Evangelicals and Nones: Wrongheaded Analysis by CT

Dear Michell,
You actually proved my point by answering the questions. Your answers did not logically address the questions in simple terms, especially the last two questions. This is why you have seen a decrease in percentage of the population calling themselves religious - no logical answers to the difficult questions that religion should be answering. Science often has better answers for them.
Best Wishes, Shawn

Not to those question, Shaun. Any pretense otherwise is pseudoscience and deception.

except the second question… and that was the scientific answer. Without suffering there is no learning (of which evolution is just one example)… and science has demonstrated that without that there would be no life.

It didn’t claim science had the right answer, just a logical sounding one, better than what most preachers are offering.

I didn’t say there were any problem with the answers that science provides, I said that except for the second one, science doesn’t address those questions you posted. When science has answers they tend to (as in eventually) be the right answers. The real problem is whether they are even the right questions, because science is rather limited in the type of questions it can answer.

Let me give an example of the simple logic failures that exist today in Christianity. Take the born-again movement. People are taught that all they have to do is believe in Jesus and all their sins are forgiven: past, present and future. On the surface, it is great promise for people, and it attracts many.

But when born-again Christians try to spread this wonderful message to their friends and they meet resistance, they react in various, non-Christ-like ways. Some react by telling their friends that if they don’t believe in Jesus, they will face eternal torment. Some become self-righteous and try to exert their “moral authority”. And yet others poke holes in this superficial teaching by asking the simplest of questions: “What about the billions who never had the chance to choose Jesus?”

These are the types who end up placing their faith in science to one day answer the difficult questions I posted above, since in the last 2000 years, none of the surviving religions can.

I doubt the term “logical failure” applies in this case though I do think there are logical failures in some of the teachings found in Christianity today. The problems in this case are numerous, such as terrible pragmatic implications and inconsistencies with the teachings of Jesus and Paul in Bible. This is what I call Gnostic Christianity (because of its rather blatant gospel of salvation by knowledge) which has rather consistently been the type of Xtianity you react against, projecting this on all Christians as if this sort of thing defines Christianity which it does not. More importantly, rejecting this version of Xtianity does not require any kind of leap to either reincarnation or universalism.

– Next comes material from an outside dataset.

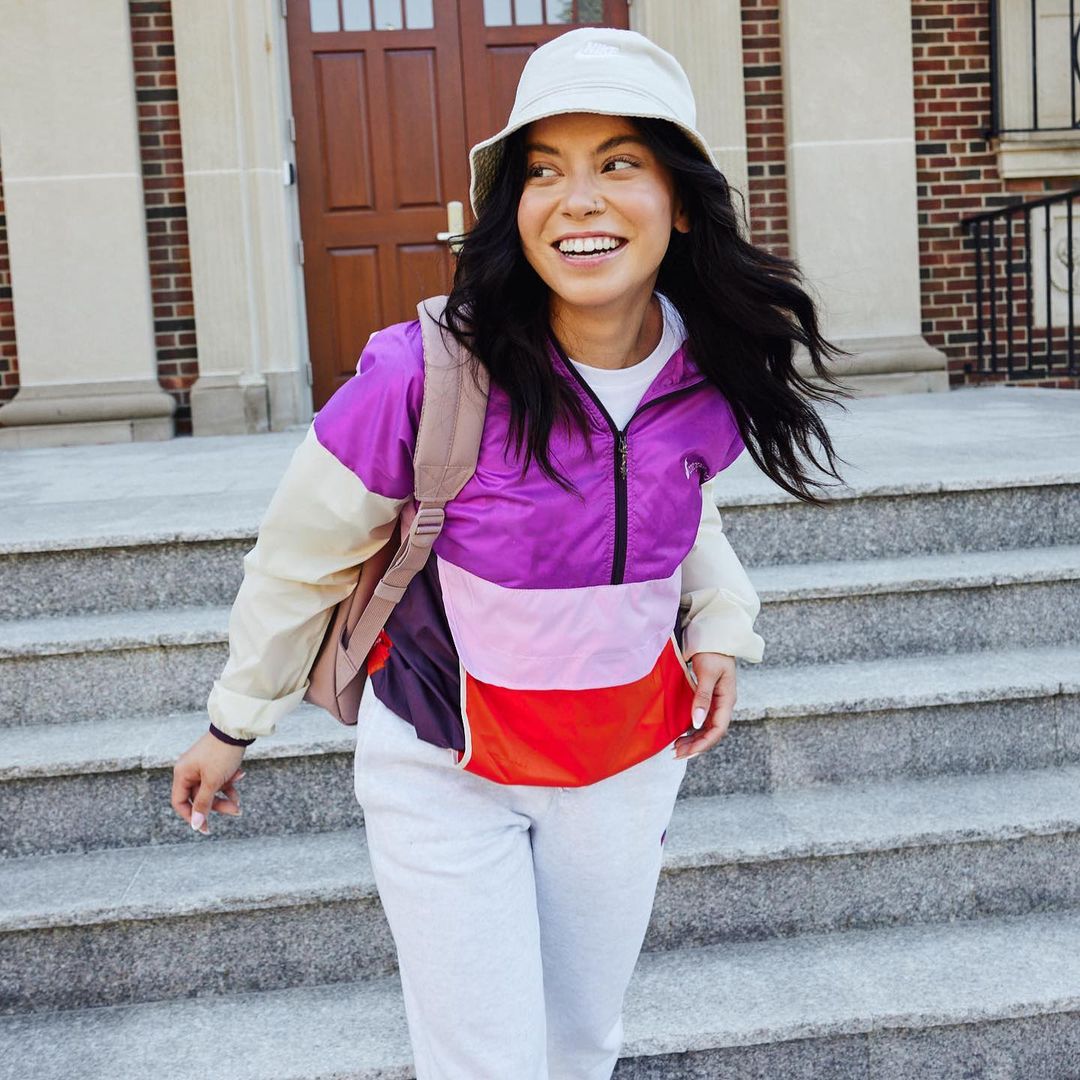 Smiling woman in a colorful jacket and bucket hat stands on stone steps with a backpack in front of a brick building in daylight.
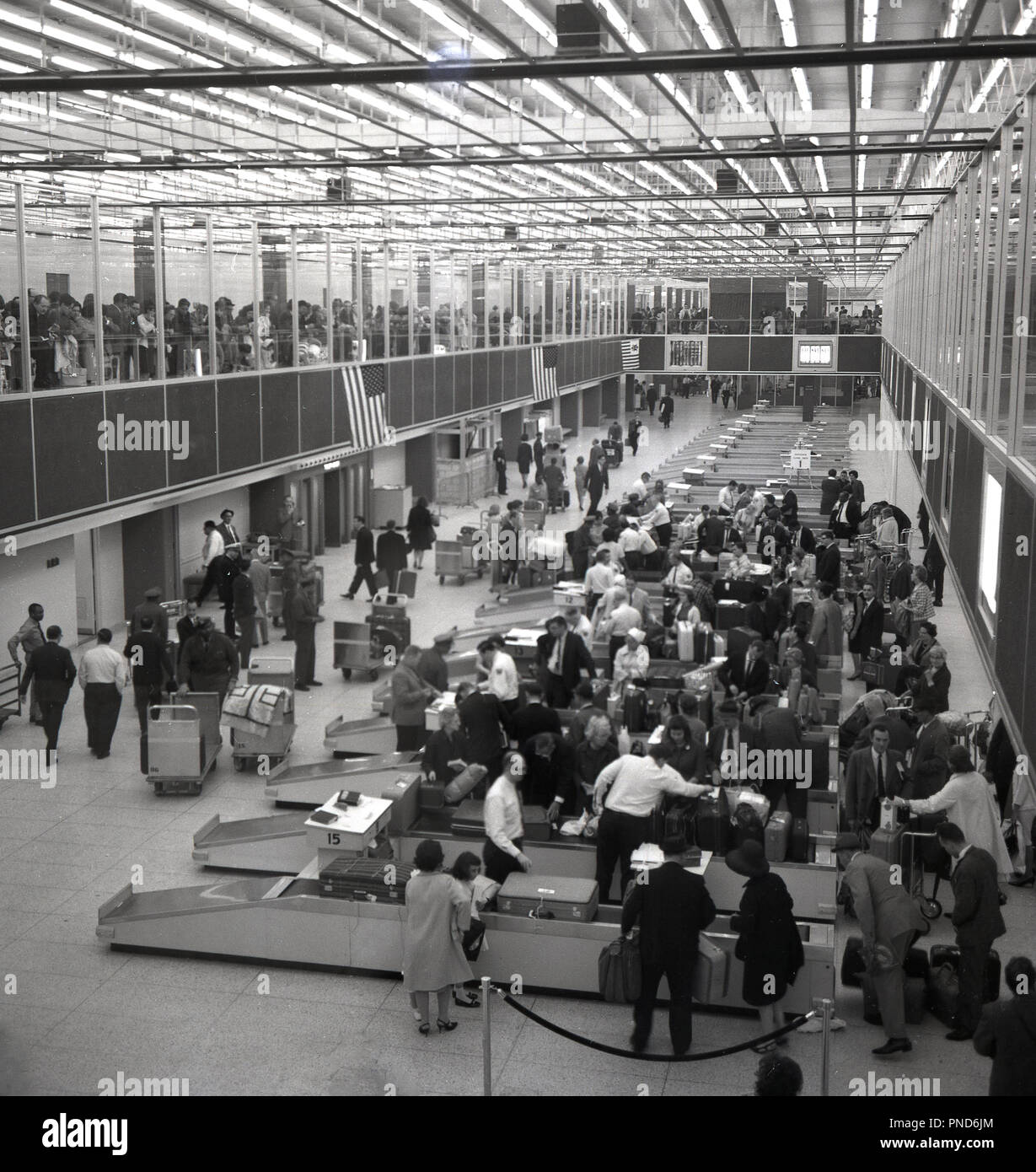 1960, storico, spettatori guardare da un altro livello come i passeggeri del volo per guardare i loro bagagli nella sala bagagli di New York aeroporto internazionale della città o aeroporto di Edoardo Vianello come era comunemente sapere al momento. Successivamente è stato rinominato come JFK in memoria dell'ex presidente degli Stati Uniti. Foto Stock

The teaching of Jesus was… “your sins are forgiven, therefore go and sin no more.” Salvation is not about escaping the consequences of sin but about getting rid of these self-destructive habits because they are themselves the death of the spirit. Paul explains that if you think you have some way of saying who goes to heaven and who goes to hell then that is not faith but legalism. Faith means putting your salvation in the hands of God and giving yourself wholly to doing what is right for its own sake.

And that is only one of the negative consequences of this kind of distortion of Christianity. Another is an attitude entitlement directly coming from the non-Biblical inclusion of “future sins” in this already twisted formula, which I have already shown to have been responsible for turning Xtianity into a force of evil in the world.

As well they should. And I applaud them when they do so. Science is a far more valuable faith than this twisted Gnostic Xtianity. I have made it clear many times that I don’t see atheism as the ultimate evil. Bad religion is a greater evil than that – something which is made crystal clear in the Bible.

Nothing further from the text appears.